È necessario infatti invertire la rotta che quest'ultima ha preso a partire da fine agosto. Innanzitutto, è stato cambiato il fine della campagna, non più per estirpare il pericolo del nazifascismo, ma piuttosto per "de-satanizzare" l'Ucraina. "Ritengo che, con la continuazione dell'operazione militare speciale, è diventato molto molto urgente eseguire la De-satanizzazione dell'Ucraina", ha affermato Aleksey Pavlov, membro del Consiglio di Sicurezza russo. Se ne dovrà occupare Kadyrov, che ha confermato come "i nostri nemici sono satanisti" e come questa sia "una jihad contro l'Ucraina". Di terrorismo, ma mediatico, parlano anche gli organi di stampa iraniani e russi. "In un momento in cui i media non raccontano la realtà dei Paesi indipendenti in modo corretto, la crescita della nostra cooperazione può essere efficace per cambiare questa atmosfera", ha dichiarato il direttore dell'agenzia Irna, parlando anche per la russa Tass.

Quella sul campo, invece, sembra destinata a rimanere tale, ovvero altissima. Gli uomini e i rifornimenti che il Cremlino sta cercando di mandare quanto prima servono infatti per rafforzare le difese di Kherson. Nella città c'è un via vai generale, tra chi fugge (i civili) e chi invece resta a presidio dell'unico capoluogo di regione conquistato da Mosca in nove mesi di guerra. La Russia sta infatti preparando quella che gli ucraini definiscono "la battaglia più dura". Le difese sulla riva sinistra del fiume Dnepr sono in via di rafforzamento e il vice governatore filo russo, Kirill Stremousov, ha rassicurato sulla stabilità del fronte. Tuttavia i combattimenti imperversano, così come promesso da Kadyrov, ma le forze di Kiev al momento non sembrano perdere terreno.

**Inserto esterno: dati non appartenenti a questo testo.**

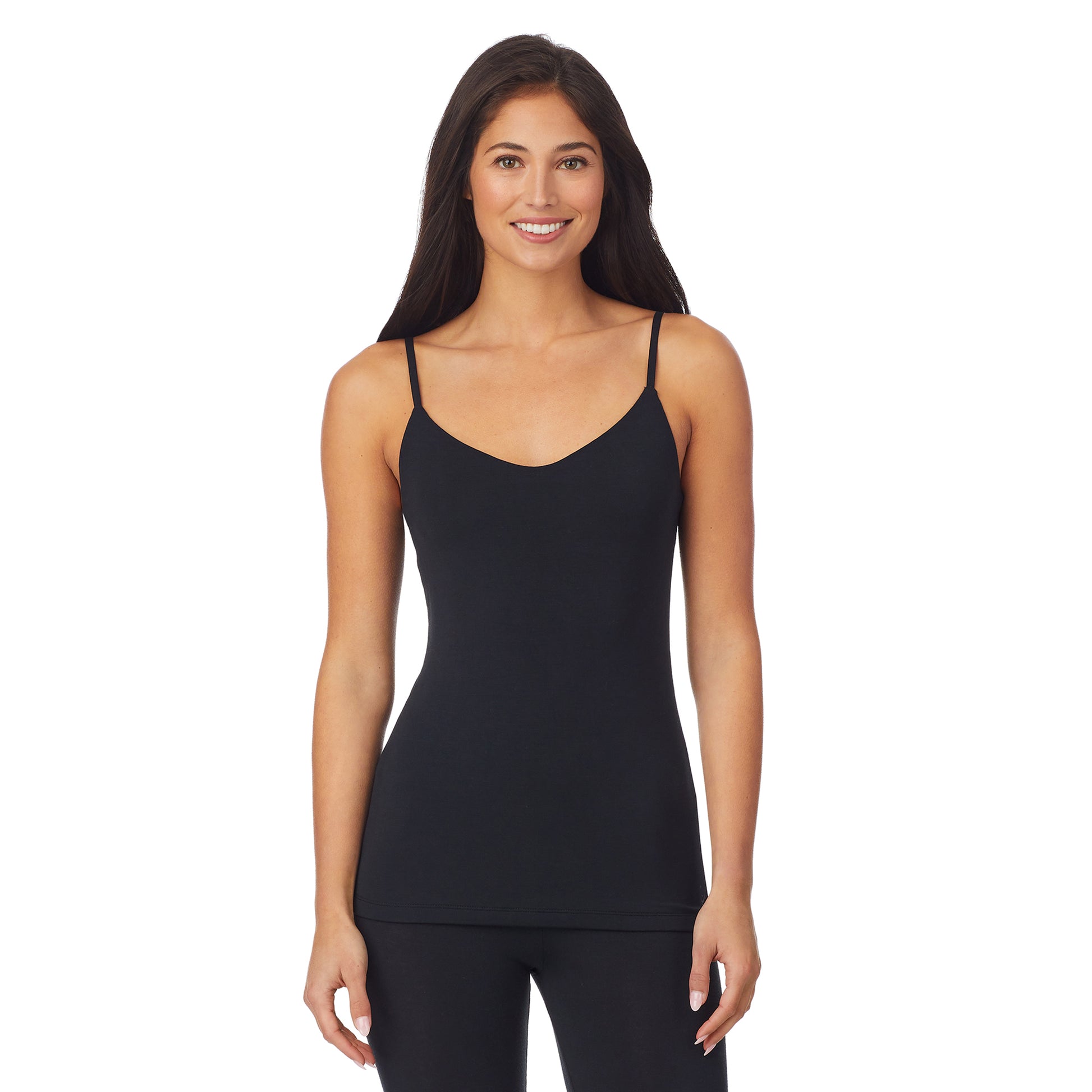 A lady wearing a black  cami.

"Lo Stato Maggiore le descrive come azioni difensive, nell'ambito delle quali vengono condotte alcune operazioni offensive, ha affermato la vice ministra della Difesa ucraina, Hanna Malyar. "Nell'ultima settimana, l'intensità degli sviluppi al fronte è leggermente diminuita e manteniamo la difesa attiva". Ieri un attacco mirato ha distrutto un deposito di munizioni russe e ucciso almeno dodici soldati ceceni. Ma è tutta l'Ucraina sotto bombardamento. Da ieri, i russi hanno lanciato cinque razzi, trenta attacchi aerei e oltre cento con sistemi missilistici multipli, indirizzati su quaranta insediamenti. L'assedio a Bakhmut e Avdiivka, nel Donbass, non si arrestano e a rimetterci, come al solito, sono sempre i civili. Nelle ultime ventiquattro ore ne sono morti undici, mentre quattordici sono i feriti. Dnipro ne piange due, tra le quali figura una donna incinta. È la risposta di Kadyrov all'uccisione dei suoi uomini, per cui promette una vendetta ancor peggiore. "Chi non l'ha ancora capito, deve farlo ora. Cattureremo questi demoni, li bruceremo. Vi do la mia parola: li attaccheremo ogni giorno. Non li faremo prigionieri".